In summary, there are two parellel legal actions.
A first is related to employment matters in which we demand a judge in the Singapore High Court to find that Founder was unlawfully terminated as CEO of the Company. This would mean all actions taken by any interim CEO since late September would be null and void.
The second action is an arbitration process under the shareholder agreement in relation to the Board's alleged unlawful actions and breach of fiduciary duties.
Here, part of a successful outcome would be that Founder regains control of the Board and cannot be outvoted.
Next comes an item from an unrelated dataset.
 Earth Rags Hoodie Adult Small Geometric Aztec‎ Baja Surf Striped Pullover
We also believe some shareholders' positions are untenable and they should leave. This would then open the way to a more enduring solution for Otonomos, which may include the appointment of a different CEO with Founder consent.
Note that under the arbitration, public courts can be asked to impose specific injunctions.
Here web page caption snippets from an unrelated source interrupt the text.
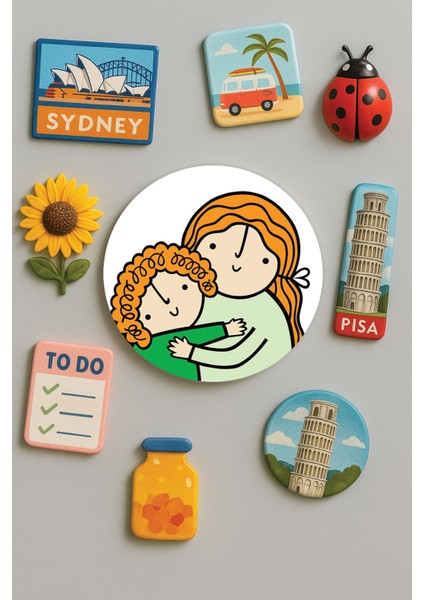 Modern ve Dekoratif Yuvarlak Buzdolabı Magneti Magnet Büyük Boy 10X10 cm - Abla Kardeş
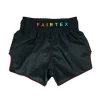Fairtex BS1912 Kabuki Muay Thai Shorts - Black in Black — front view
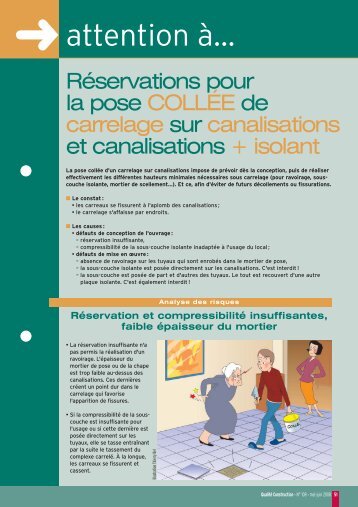 RÃ©servations pour la pose collÃ©e de carrelage sur canalisations et ...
The outcomes above could also be achieved via a negotiated settlement outside of the courts.
We believe people will ultimately recognise what is right for the company. However in case we do not achieve all or some of our objectives under the Litigation we envisage there will be a successor company and in this case contributors will be given the option to use the SAFT mechanism (see above) to subcribe for tokens in the successor company.
No, as contributor you are not part of any claims or counterclaims. In any event, contributions are anonymous with only the public address from where you have sent ETH as possible identifier.
Yes provided you keep it confidential as public disclosure could leave us - and possibly you - open to defamation and libel actions by the Defendants. Simply let us have your email via the Telegram channel and we can send you a copy of the Confidentiality Agreement. Once signed, we can send you a copy of the Claim and other relevant documents.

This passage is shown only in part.